In bloom this morning in a cloudy greenhouse, this has become our absolute favorite Phrag. besseae clone. IMHO it is a higher quality flower than virtually any other I've seen (including our own awarded clones). As a plus, it grows like a weed and is fertile as well. Horizontal natural spread = 8.6cm, Petal width = 3.0cm.


----------



## Linus_Cello (Jan 3, 2020)

Are you growing this with the “tray” method?


----------



## tomkalina (Jan 3, 2020)

Yes, this was the first Phrag. besseae we put into a tray as an experiment 18 months ago. I've attached a photo (sorry for the quality) of the plant taken this morning. We severed the rhizome on the oldest growth (which is left of the one farthest right) in June, 2019 and the new growth has a leaf span of 12 inches. The oldest growth has a leaf span of 30 inches. This clone gets to be an absolute horse when it's grown in a tray. (See photo).


----------



## abax (Jan 3, 2020)

That's a dazzler Tom. I'd love to have a large
division when you have one available...and the
damn weather improves for shipping. My record
with besseae isn't outstanding, but I'm learning.
The RO from Ray is wonderful!


----------



## Linus_Cello (Jan 4, 2020)

I see the self cross is available. Anything coming down the pike with this as a parent? Maybe Jason Fisher with this ad a pod parent?


----------



## tomkalina (Jan 4, 2020)

abax said:


> That's a dazzler Tom. I'd love to have a large
> division when you have one available...and the
> damn weather improves for shipping. My record
> with besseae isn't outstanding, but I'm learning.
> The RO from Ray is wonderful!


PM sent. I'm sure your R/O will result in improved growth for all your Phrags. including besseae.


----------



## tomkalina (Jan 4, 2020)

Linus_Cello said:


> I see the self cross is available. Anything coming down the pike with this as a parent? Maybe Jason Fisher with this ad a pod parent?


Hi Linus,
We do have Phrag. besseae 'Carlisle' (x self) seedlings available on the website and a couple of compots of (x 'Foxfire' AM/AOS) and (x 'Fox Valley' FCC/AOS) in the pipeline as well as Phrag. Vita-Bess (x vittatum). We also have flasks going in the lab of a remake of Rosalie Dixler (x kaieteurum) and a remake of Robert-Jan Quene' (x Fritz Schomburg) using the 'Carlisle' clone.


----------



## Linus_Cello (Jan 4, 2020)

Quene?
(I bought a Robert Jan Quene from you in 2015. Can’t wait to see it bloom. Bessae parent is “red giant”I think ).


----------



## tomkalina (Jan 4, 2020)

Correction made. Thanks, Linus !


----------



## BrucherT (Jan 5, 2020)

tomkalina said:


> PM sent. I'm sure your R/O will result in improved growth for all your Phrags. including besseae.
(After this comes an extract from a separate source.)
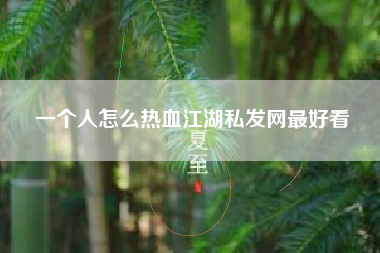 一个人怎么热血江湖私发网最好看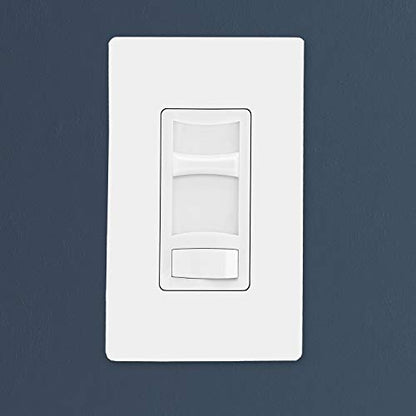Maxxima LED Slide Dimmer Switch, White, 3-Way/Single Pole, 600 Watt Max | LED Compatible, Decorative Electrical Light Switch, On/Off Switch, Screwless Wall Plate Cover Included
Tom are you sort of air layering it as it climbs up?


----------



## tomkalina (Jan 5, 2020)

We've air layered it a couple of times in the last year and plan to divide and re-tray the divisions later this spring. It's something that should have been done last year, but the plant was carrying several different seed capsules and we didn't want to disturb it.


----------



## Justin (Jan 10, 2020)

Amazing.


----------